Basically, yes. The OS will clean up the memory used by a process after it exits. The heap is a chunk of memory in your process, so the OS will clean it up. Although it depends on what you mean by "clean it up." The OS marks those chunks of RAM as now free, and will reuse it later. If you had explicit cleanup code (like C++ destructors) you'll need to make sure those get called, the OS won't call them for you.
All in all, please tell me about heap in a more simplified manner than just, its for malloc and alloc?
The heap is, much like it's name, a bunch of free bytes that you can grab a piece at a time, do whatever you want with, then throw back to use for something else. You grab a chunk of bytes by calling malloc, and you throw it back by calling free.
Why would you do this? Well, there's a couple of common reasons:
You don't know how many of a thing
you need until run time (based on
user input, for example). So you
dynamically allocate on the heap as
you need them.
You need large data structures. On
Windows, for example, a thread's
stack is limited by default to 1
meg. If you're working with large
bitmaps, for example, that'll be a
fast way to blow your stack and get
a stack overflow. So you grab that
space of the heap, which is usually
much, much larger than the stack.
The code, data, stack and heap?
Not really a question, but I wanted to clarify. The "code" segment contains the executable bytes for your application. Typically code segments are read only in memory to help prevent tampering. The data segment contains constants that are compiled into the code - things like strings in your code or array initializers need to be stored somewhere, the data segment is where they go. Again, the data segment is typically read only.
The stack is a writable section of memory, and usually has a limited size. The OS will initialize the stack and the C startup code calls your main() function for you. The heap is also a writable section of memory. It's reserved by the OS, and functions like malloc and free manage getting chunks out of it and putting them back.
So, that's the overview. I hope this helps.
With respect to stack... This is precicely where the parameters and local variables of the functions / procedures are stored. To be more precise, the params and local variables of the currently executing function is only accessible from the stack... Other variables that belong to chain of functions that were executed before it will be in stack but will not be accessible until the current function completed its operations.
With respect global variables, I believe these are stored in data segment and is always accessible from any function within the created program.
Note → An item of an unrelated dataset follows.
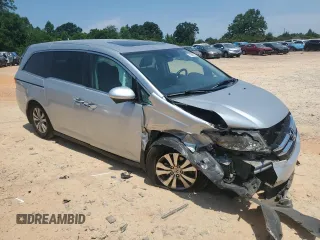 2014 Honda Odyssey EX-L z VIN 5FNRL5H66EB045019, wystawiony jako Copart lot #62899125 z przebiegiem 179 298 mil mil oraz Szkoda całkowita • Salvage title. Historia ofert i sprzedaży dostępna na DreamBid. Obrazek 4.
With respect to Heap... These are additional memories that can be made allotted to your program whenever you need them (malloc or new)... You need to know where the allocated memory is in heap (address / pointer) so that you can access it when you need. Incase you loose the address, the memory becomes in-accessible, but the data still remains there. Depending on the platform and language this has to be either manually freed by your program (or a memory leak occurs) or needs to be garbage collected. Heap is comparitively huge to stack and hence can be used to store large volumes of data (like files, streams etc)... Thats why Objects / Files are created in Heap and a pointer to the object / file is stored in stack.
In terms of C/C++ programs, the data segment stores static (global) variables, the stack stores local variables, and the heap stores dynamically allocated variables (anything you malloc or new to get a pointer to). The code segment only stores the machine code (the part of your program that gets executed by the CPU).